Le rapport de l’Anses, publié au début de 2026, le confirmait. L’agence expliquait, par exemple, que « le développement d’un cancer est un processus souvent long, progressif, et multifactoriel. Les données actuelles obtenues chez l’humain, issues d’études menées sur des durées d’exposition limitées (quelques mois à quelques années dans les études examinées), ne permettent pas d’évaluer ce risque [pour le vapotage]. »
En d’autres termes, les risques de cancer liés au vapotage, dont les coûts représentent une part importante du fardeau social du tabagisme, restent totalement inconnus à l’heure actuelle. Dans ces conditions, il est difficile d’appliquer les coûts du tabagisme au vapotage.
Une interprétation mathématique erronée
La citation du rapport :
« Bien que vapoter ne soit probablement pas 100 % sûr, la plupart des produits chimiques responsables des maladies liées au tabagisme sont absents, et ceux qui sont présents posent un danger limité.

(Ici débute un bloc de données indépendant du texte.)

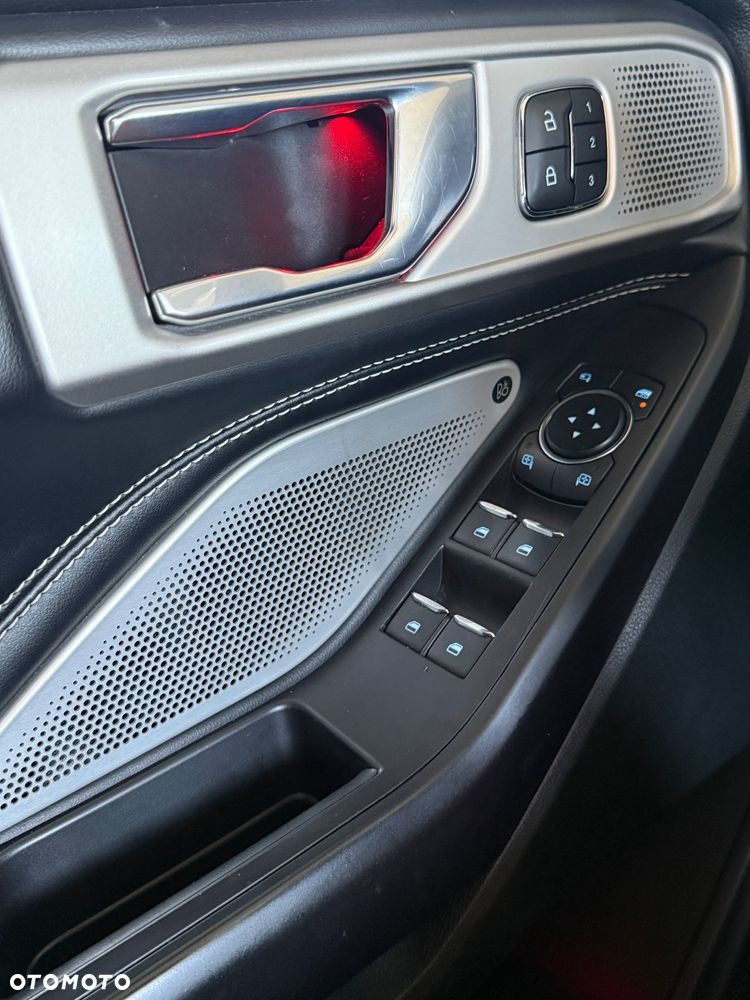 Ford Explorer 3.0 EcoBoost PHEV 4WD ST-Line - 18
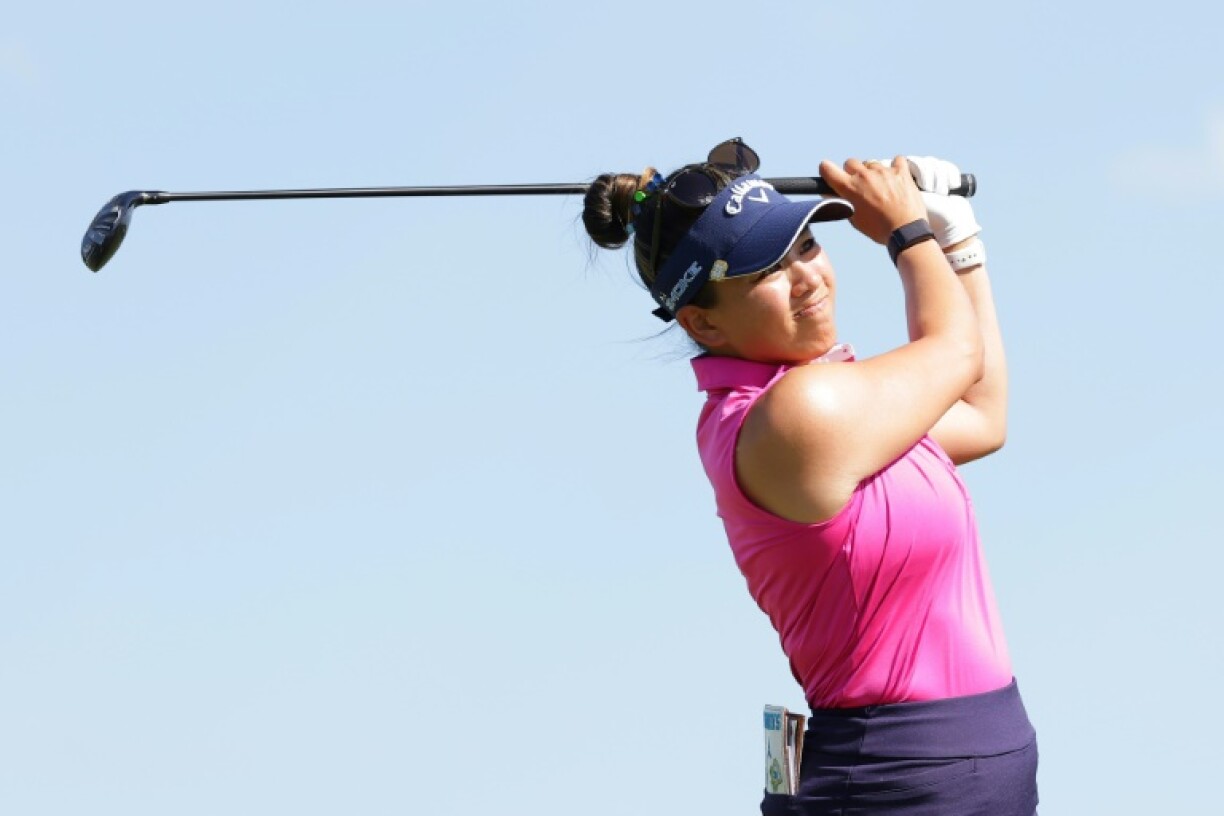 Brianna Do grabbed a share of the lead at the LPGA Tour's Mexico Riviera Maya Open on Thursday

Il avait été précédemment estimé que les cigarettes électroniques sont environ 95 % plus sûres que le tabac fumé. Cette estimation paraît toujours raisonnable. »
L’analyse de DNF :
« Cette formulation est plus facilement compréhensible. Cependant, quand elle situe le danger de la Vape à la valeur 100, elle ne situe celle de la cigarette à 195, ce qui ramène ce rapport à presque 1 pour 2.
Vapoter serait ainsi 2 fois moins dangereux que fumer. »
Encore une fois, l’analyse repose sur une incompréhension mathématique. « 95 % moins nocif » n’a jamais signifié que la vape était 100 % nocive et le tabac 195 % nocif. Cette interprétation ne correspond à aucune formulation présente dans le document original.
Confondre deux synonymes
La citation du rapport :
« Il est nécessaire de faire connaître l’estimation actuelle selon laquelle l’utilisation de cigarettes électroniques est environ 95 % plus sûre que fumer. »
L’analyse de DNF :
« Ainsi, vapoter serait 2 fois plus sûr que fumer et non 2 fois moins dangereux : la notion de danger est écartée au profit de la notion de sécurité qui s’applique aussi bien à la Vape qu’au Tabac. »
Il s’agit encore d’une erreur d’interprétation. DNF semble croire que « 95 % plus sûr » et « 95 % moins dangereux » sont deux affirmations distinctes. En réalité, ce sont des synonymes parfaits : dire qu’un produit est 95 % plus sûr revient exactement à dire qu’il est 95 % moins dangereux. Si la nocivité du tabac est de 100, celle de la vape est de 5. Dans les deux cas, le rapport est de 1 à 20.
« Messieurs les Anglais, est-ce une mauvaise blague ou une vaste escroquerie intellectuelle ? », s’interroge alors DNF.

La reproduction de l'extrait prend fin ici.